KaiserPro · on Aug 22, 2018

The hardest part of a Distributed File system (and I mean File system here) is managing the Meatadata (where a file is, where the directory is, who last did something to it.)

Lustre, GFS2 and GPFS all have centralised metadatstores, which is both a boon and a drawback.

What I can't figure out is what they've done here. It appears like metadata is stored in a special partition ("journal") which is shared? But there is a control process as well.

jamesblonde · on Aug 22, 2018

It doesn't look like PolarFS has distributed metadata.

HopsFS (HDFS derivative work) stores distributed metadata, enabling 16X throughput improvements over HDFS - https://www.usenix.org/conference/fast17/technical-sessions/... http://www.hops.io Technically, the hard part is correct concurrent and consistent operations across shards (partitions).

Disclaimer: one of the designers of HopsFS.

ddorian43 · on Aug 22, 2018

What do you think are some gotchas/limitations when using mysql-ndb-cluster ?

jamesblonde · on Aug 22, 2018

It's become very stable with the years. It's somehow never penetrated the silicon valley echo chamber, probably due to instability in its earlier years. Operationally, it's got most things you need - on-line add node, rolling upgrades, monitoring, etc.

We use NDB to store both the metadata in-memory, but also to store small files on NVMe disks. We had talks with lots of other DB vendors, but, frankly, none of them have high performance support for cross-partition transactions, which is needed. DBs like VoltDB, MemSQL, NuoDB all have promise, but serialize cross-shard operations.
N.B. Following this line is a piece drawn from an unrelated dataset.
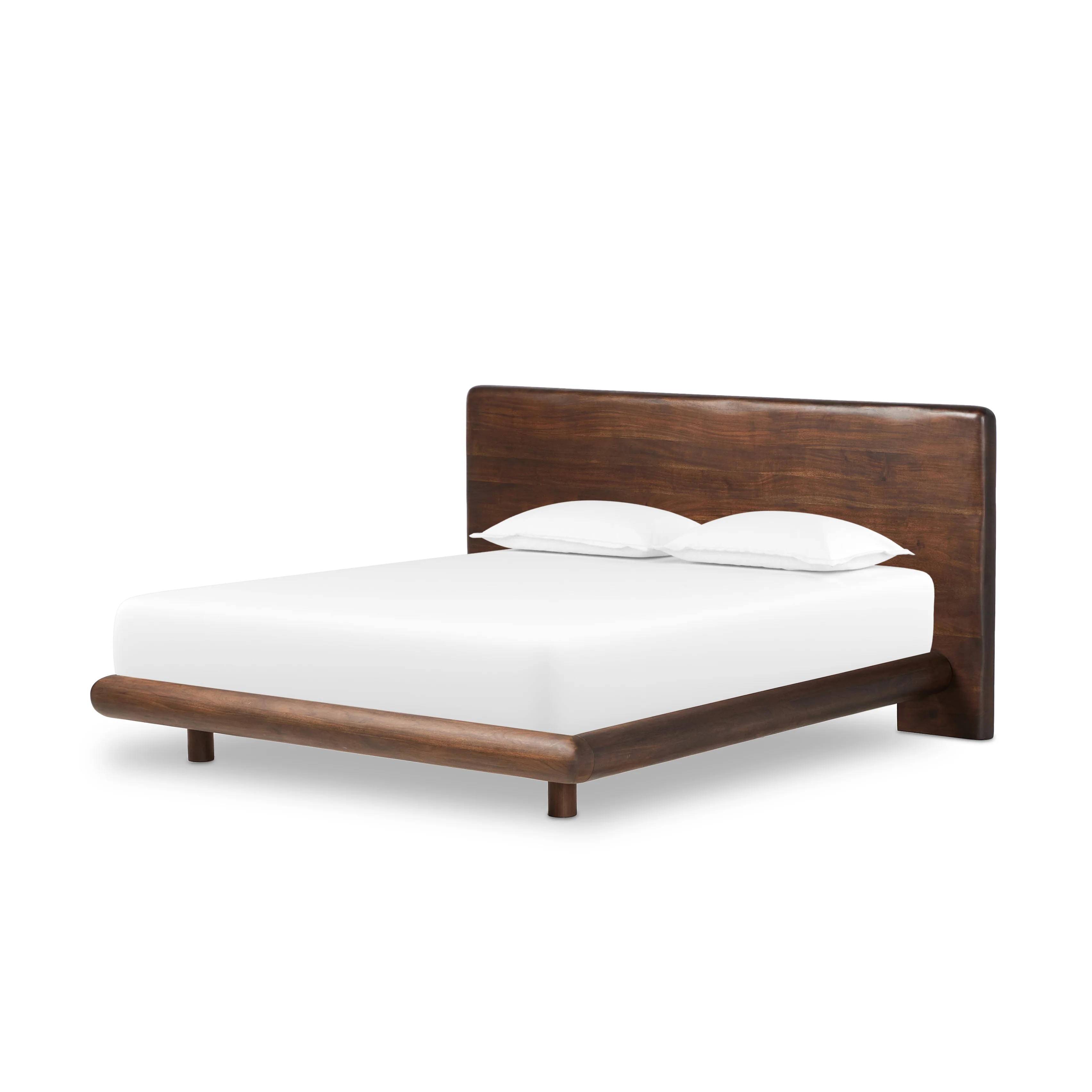Lawson Solid Acacia Wood Platform Bed Frame with Live-Edge Headboard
ryanworl · on Aug 22, 2018

Have you explored using FoundationDB? It doesn't have a SQL interface (anymore), which might mean it isn't suitable if SQL is required.

jamesblonde · on Aug 22, 2018

Not yet, it's only recently been open-sourced. We have a startup now commercializing Hops, called Logical Clocks (of course), so we're busy with that.

ryanworl · on Aug 22, 2018

The community is very helpful over on the forums (https://forums.foundationdb.org), so if you do end up having time to check it out, come on over! I'm sure the team at Apple (I'm not affiliated with them) would love to talk about it.

ddorian43 · on Aug 23, 2018

They're against coprocessors (having functions in the db) so you'll always be somewhat limited. Doing with shared-memory-etc will be hard.

Also you can shard many tables as hash, so most hot-path transactions be inside a server, which you can't guarantee with range-sharding.

gnufx · on Aug 22, 2018

With respect to metadata, the premise of PVFS^WOrangeFS is that providing full POSIX semantics (specifically locking?) makes the issues even worse, so it doesn't try, to decent effect. That may rule it out, for some applications like databases, though.

Lustre has DNE for distributed metadata now. Presumably multi-tenancy would be important in this sort of application.

j16sdiz · on Aug 22, 2018

The protocol is interesting.

But given how often the Alibaba cloud fails in production, I won't hold my breath.

baotiao · on Aug 22, 2018

The protocol is interesting, and we will provide the TLA+ proof soon.

kjeetgill · on Aug 22, 2018

Are you from the PolarFS team? This paper looks amazing, I'll be sure to give it a thorough read!

I was curious: could you compare and contrast it with what I imagine are it's competitors? Hdfs, ceph, glusterfs etc.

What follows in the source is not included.